(Beginning of Data extract)

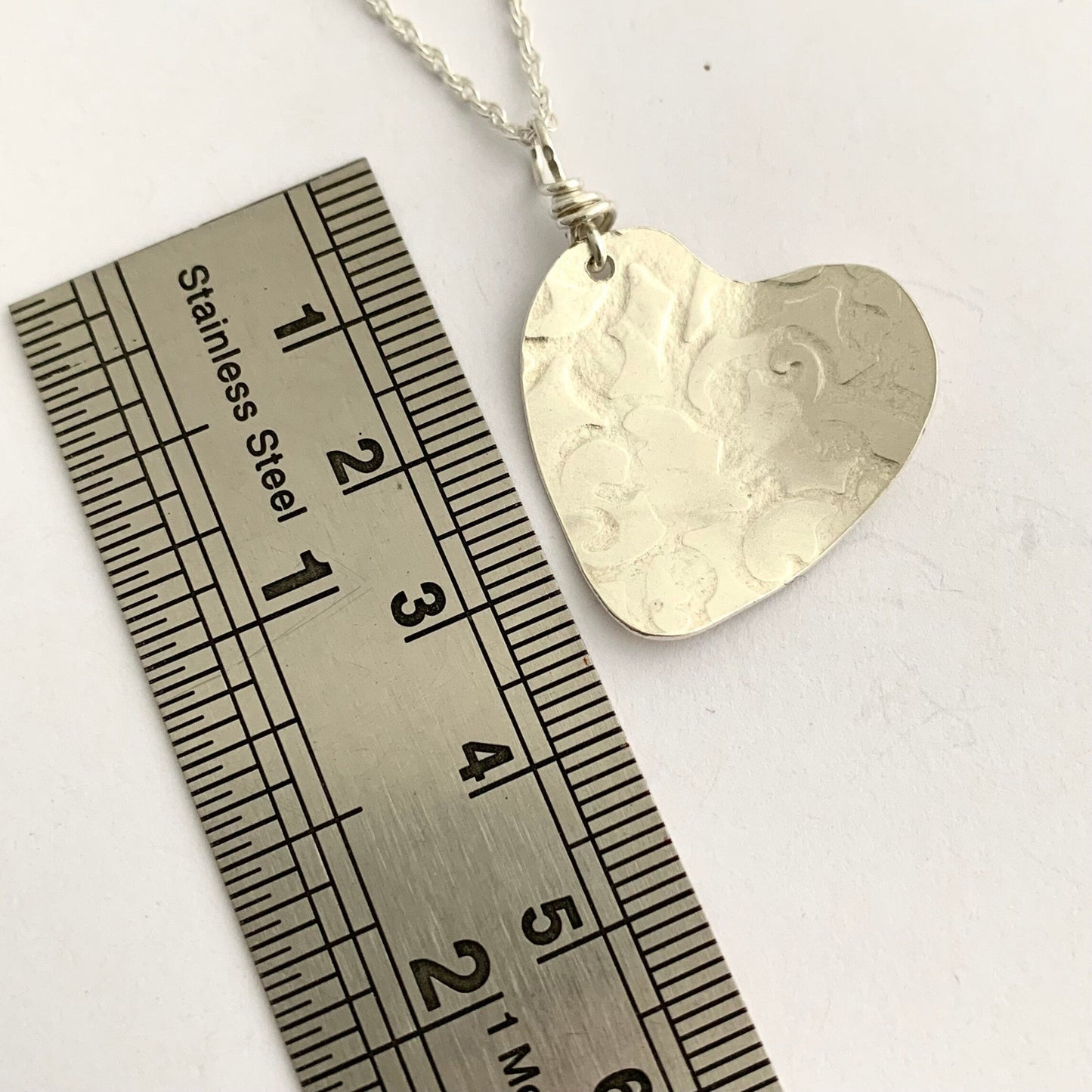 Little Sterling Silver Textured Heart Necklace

(End of Data extract)
(Beginning of Data extract)

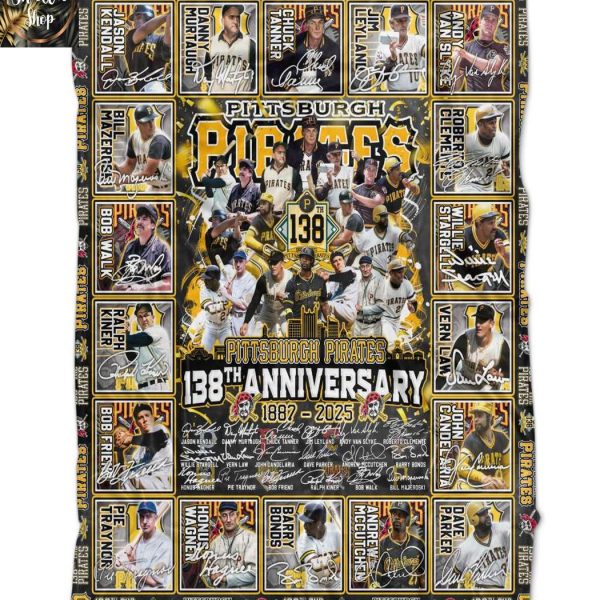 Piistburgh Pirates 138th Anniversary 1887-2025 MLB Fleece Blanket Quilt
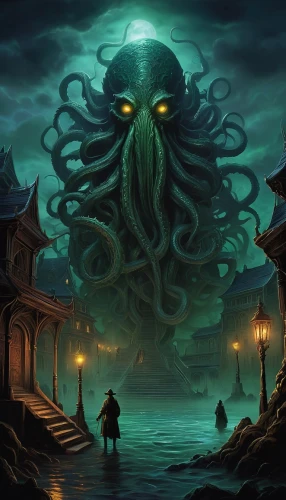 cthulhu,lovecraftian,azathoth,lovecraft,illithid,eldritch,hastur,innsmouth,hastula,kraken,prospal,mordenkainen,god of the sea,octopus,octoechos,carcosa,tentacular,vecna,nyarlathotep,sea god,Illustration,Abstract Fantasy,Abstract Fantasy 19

(End of Data extract)

- [Exercise prompt]: In the records above, find the line with "Piistburgh Pirates 138th" and the line with "Fantasy,Abstract Fantasy 19", then restate word for word only those two lines and all lines between, omitting pictures.

- [Final answer]:
 Piistburgh Pirates 138th Anniversary 1887-2025 MLB Fleece Blanket Quilt
 cthulhu,lovecraftian,azathoth,lovecraft,illithid,eldritch,hastur,innsmouth,hastula,kraken,prospal,mordenkainen,god of the sea,octopus,octoechos,carcosa,tentacular,vecna,nyarlathotep,sea god,Illustration,Abstract Fantasy,Abstract Fantasy 19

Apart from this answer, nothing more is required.